At the start of the Big O Tires NHRA Nationals, Troy Coughlin faced long odds of winning the Pro Mod championship. He was behind by three rounds and made the ultimate gamble of switching to a brand-new race car. Considering the race was in Las Vegas, there was no better place for Troy to overcome those odds and win his first ever NHRA championship. Like a gambler on a roll, things just kept falling into place for Troy all weekend long and he wound up winning the title by the slimmest of margins.
“They told me we won the championship by three points,” Coughlin said. “That’s just a ‘wow’ thought. How hard did we work for each of those points? How many ups and downs were there? It’s just crazy to have it end up so close, especially when we’re here on the good side of the equation. I’m pumped.”
“We came into this race with a brand-new car. We tested here with it a week ago and it was running well so we decided to enter it in the race. Of course, everyone else said we were crazy, but Steve Petty (crew chief) and all the guys worked so hard to give me a perfect car and, bottom line, it’s so much easier to drive than anything I’ve had in the past. It worked perfectly all weekend and we needed every bit of it to get this title.”
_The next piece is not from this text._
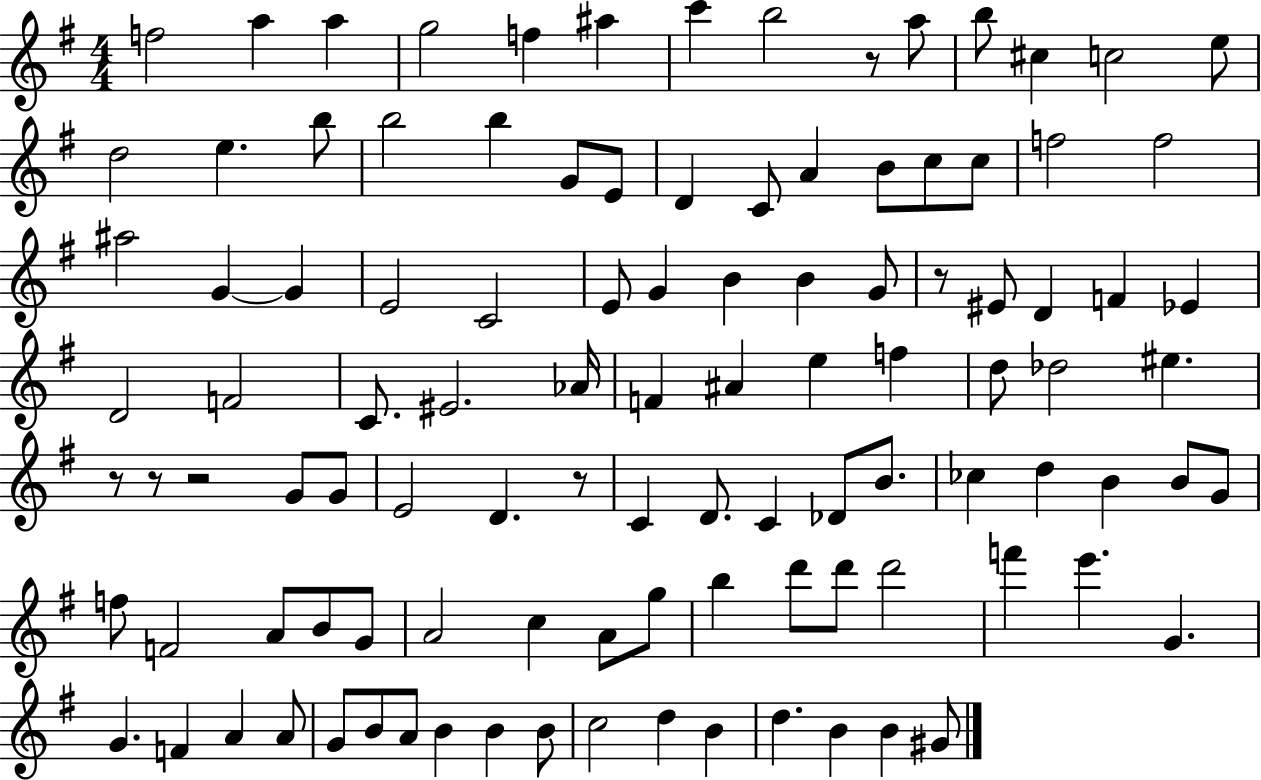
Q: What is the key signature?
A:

Every racer competing for a championship strives to be able to control their own destiny. For Troy, that is exactly what happened. Steve Petty tuned the brand new Jegs.com twin turbo Chevy Corvette to a third place qualifying position, while points leader place Mike Castellana wound up sixth which would mean a potential second round matchup between them. With second place driver Rickie Smith qualifying on the opposite side of the ladder, Troy knew that the championship was his no matter what if he won the race. After disposing of Mike Janis in the first round on Saturday evening, Troy would face a huge matchup with Mike Castellana on Sunday morning.
“We approached Sunday thinking, ‘Let’s just run the best that we can without over-powering the track and giving it away,’” Coughlin said. “We just focused on cutting good lights, making laps and turning on win lights.”
With pressure at its highest, Coughlin calmly responded with a huge, half-a-second victory over Castellana, then made light work of a red-lighting Danny Rowe and an out-of-shape Don Walsh to win the title. When Troy’s win light came on in the finals, it marked the seventh national championship for the Coughlin family, and it brought the total number of family championships to 13 (includes division championships) .
“My brother Jeg started this deal where each of (the four Coughlin brothers) have rings with a stone in it for each national championship we’ve won,” Coughlin said. “I added one in 2009 when I won the NMCA Pro Street title and now this one, combined with the five Jeg has won, will put us up to seven stones. It’s just incredible to think about it. To be a piece of the history of JEGS Racing, considering the guys I’m racing with, is pretty awesome.”